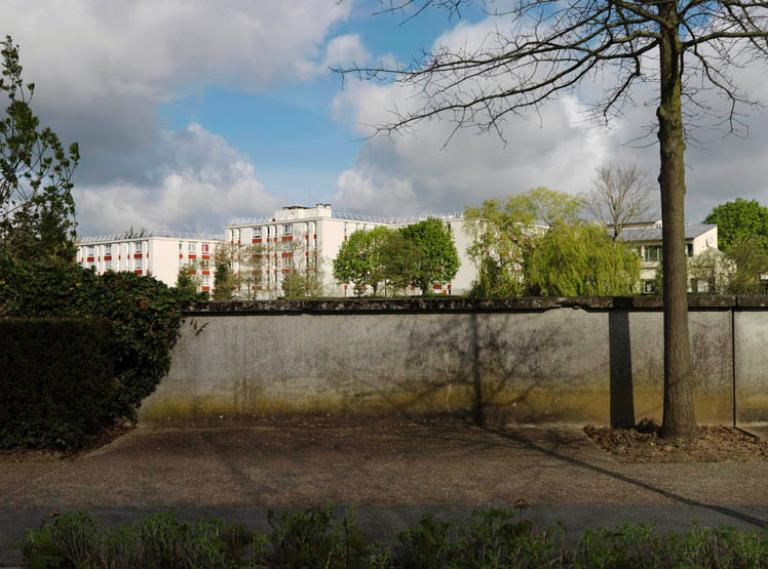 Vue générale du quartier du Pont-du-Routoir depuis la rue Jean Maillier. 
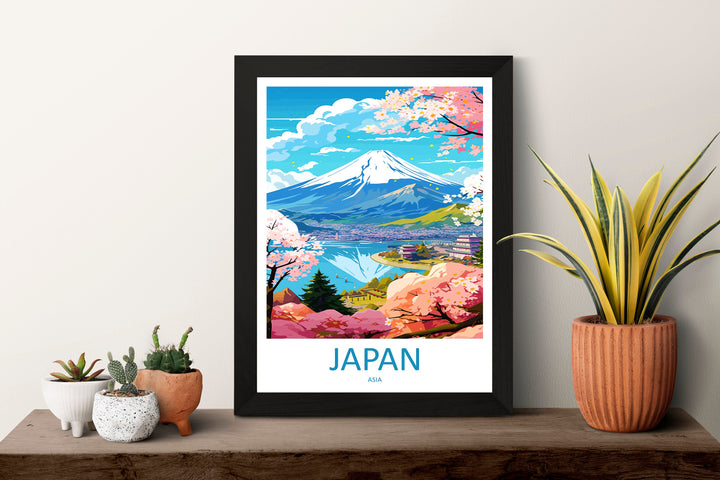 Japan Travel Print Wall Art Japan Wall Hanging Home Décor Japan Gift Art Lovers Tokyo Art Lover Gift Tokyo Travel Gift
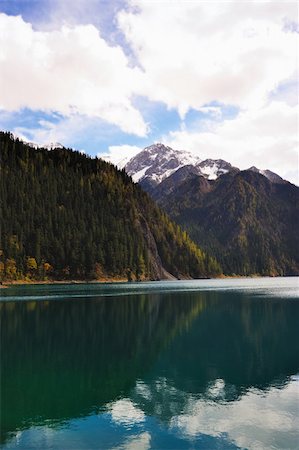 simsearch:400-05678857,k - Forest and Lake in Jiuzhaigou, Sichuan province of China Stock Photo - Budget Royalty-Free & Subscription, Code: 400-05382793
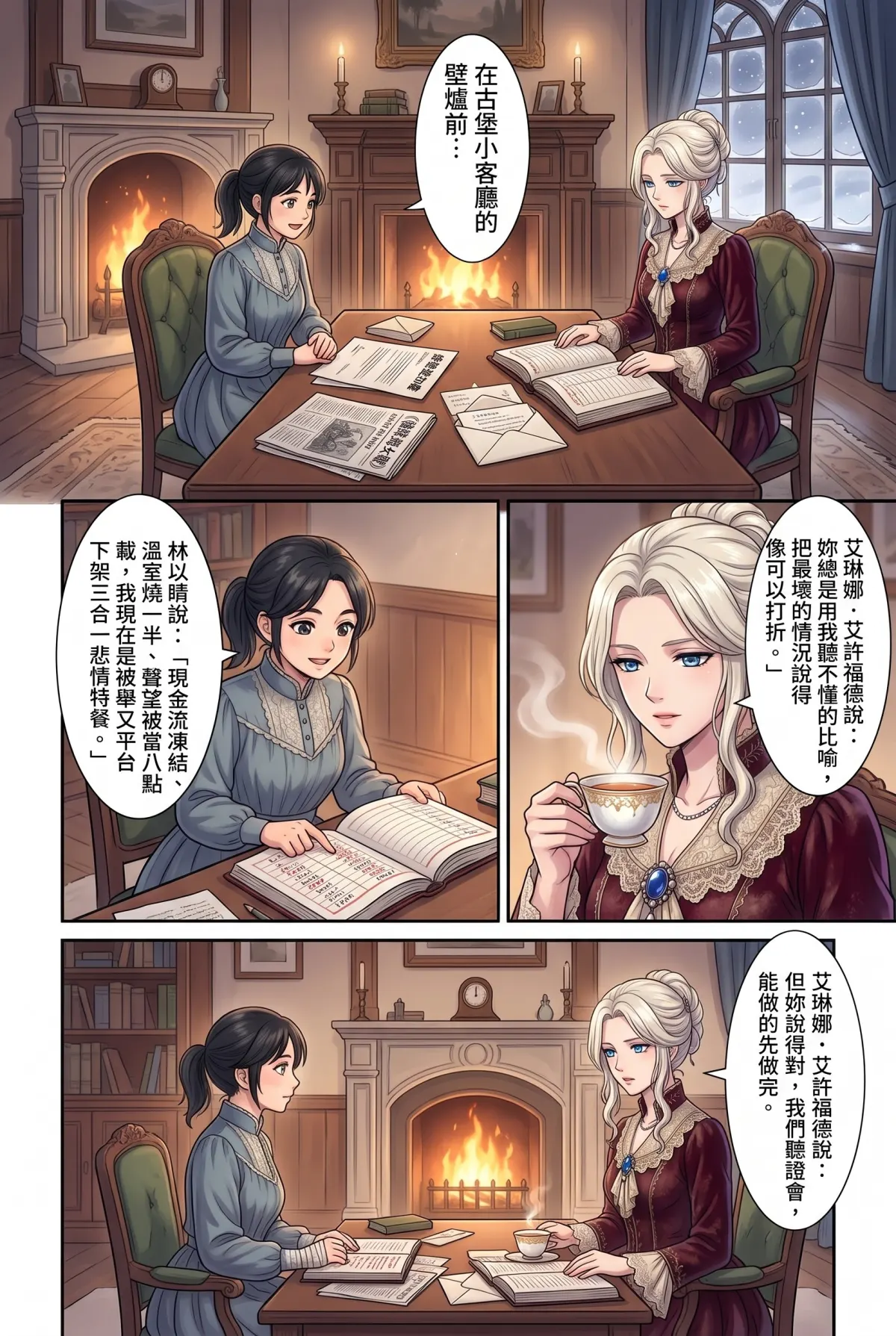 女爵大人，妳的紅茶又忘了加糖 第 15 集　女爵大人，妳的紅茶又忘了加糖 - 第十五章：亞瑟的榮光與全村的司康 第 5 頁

* * *

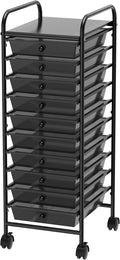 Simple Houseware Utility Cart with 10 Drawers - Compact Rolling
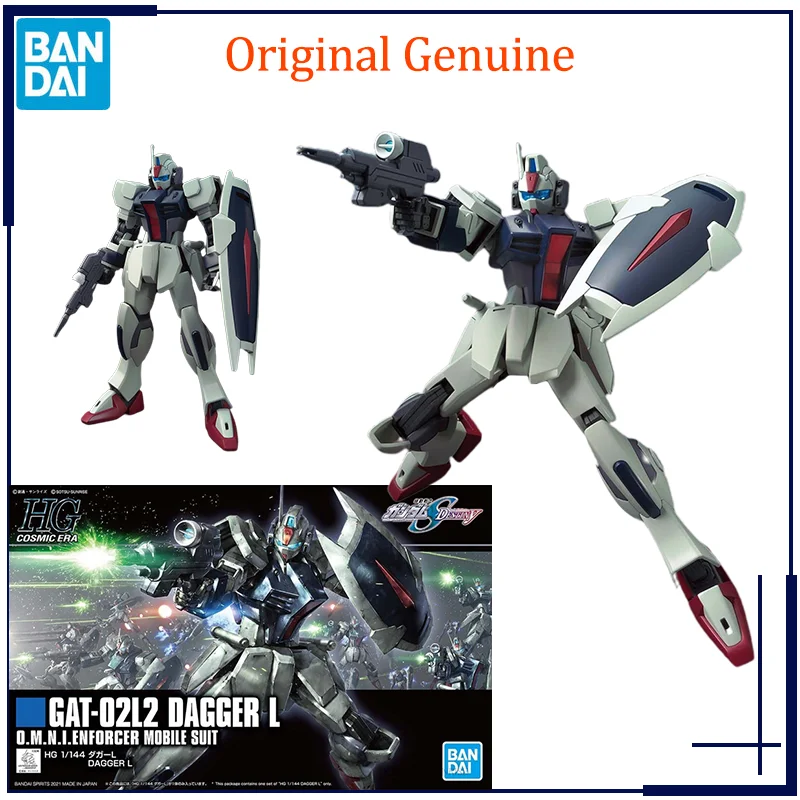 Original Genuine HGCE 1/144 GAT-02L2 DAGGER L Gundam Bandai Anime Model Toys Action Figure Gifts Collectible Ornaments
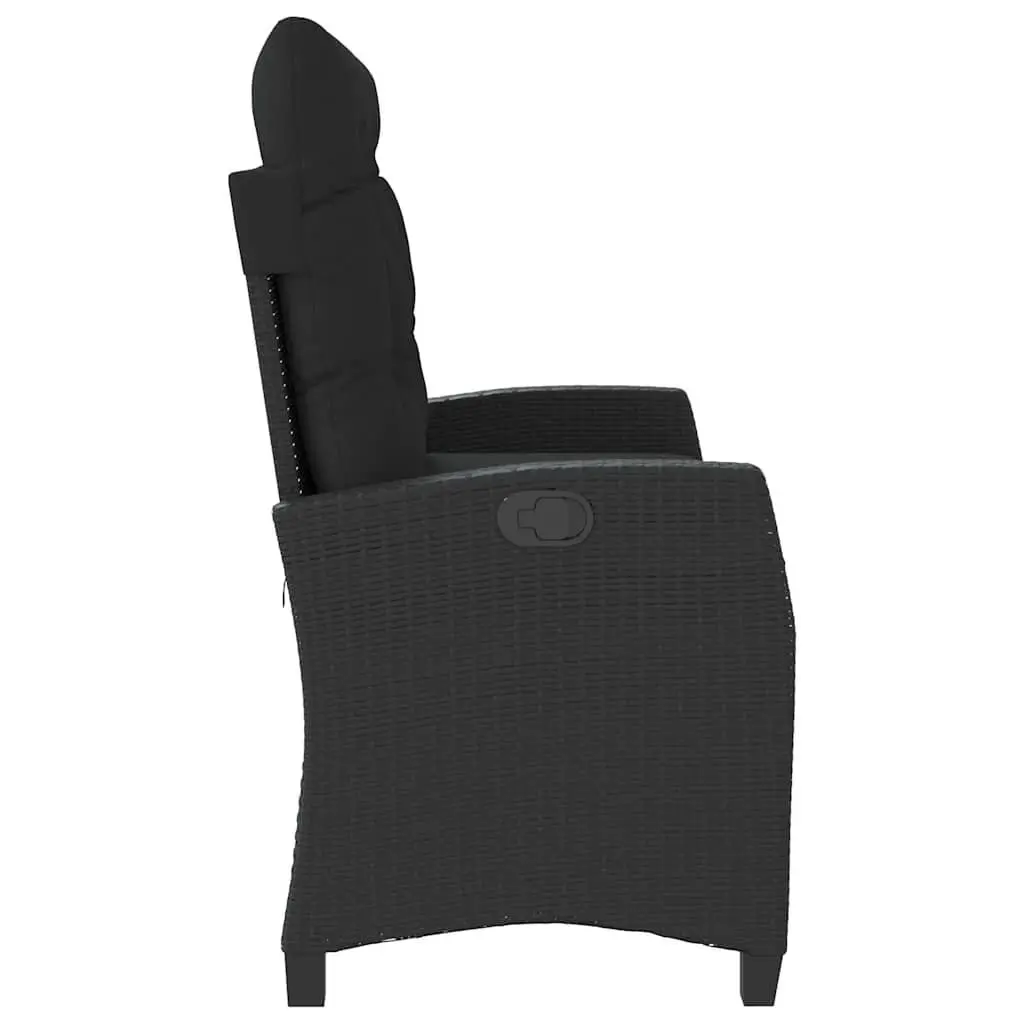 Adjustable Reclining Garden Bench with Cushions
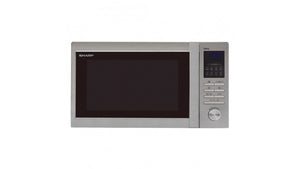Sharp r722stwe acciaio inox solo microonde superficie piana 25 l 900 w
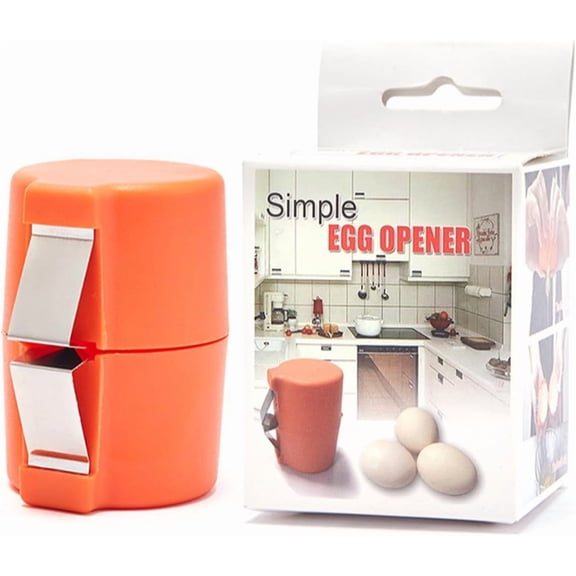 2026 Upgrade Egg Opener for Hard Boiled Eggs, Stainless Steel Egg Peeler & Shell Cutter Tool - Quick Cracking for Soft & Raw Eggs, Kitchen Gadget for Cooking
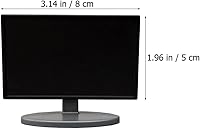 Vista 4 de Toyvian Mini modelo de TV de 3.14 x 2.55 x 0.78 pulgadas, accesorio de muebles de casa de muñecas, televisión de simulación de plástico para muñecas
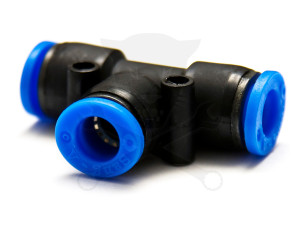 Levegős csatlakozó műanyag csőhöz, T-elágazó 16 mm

» EXERCISE BRIEF
Copy exactly the lines of the entries above from the one containing "Vista 4 de Toyvian" through the one containing "Levegős csatlakozó műanyag". Both end lines count; pictures do not.

» SOLVED EXERCISE
 Vista 4 de Toyvian Mini modelo de TV de 3.14 x 2.55 x 0.78 pulgadas, accesorio de muebles de casa de muñecas, televisión de simulación de plástico para muñecas
 Levegős csatlakozó műanyag csőhöz, T-elágazó 16 mm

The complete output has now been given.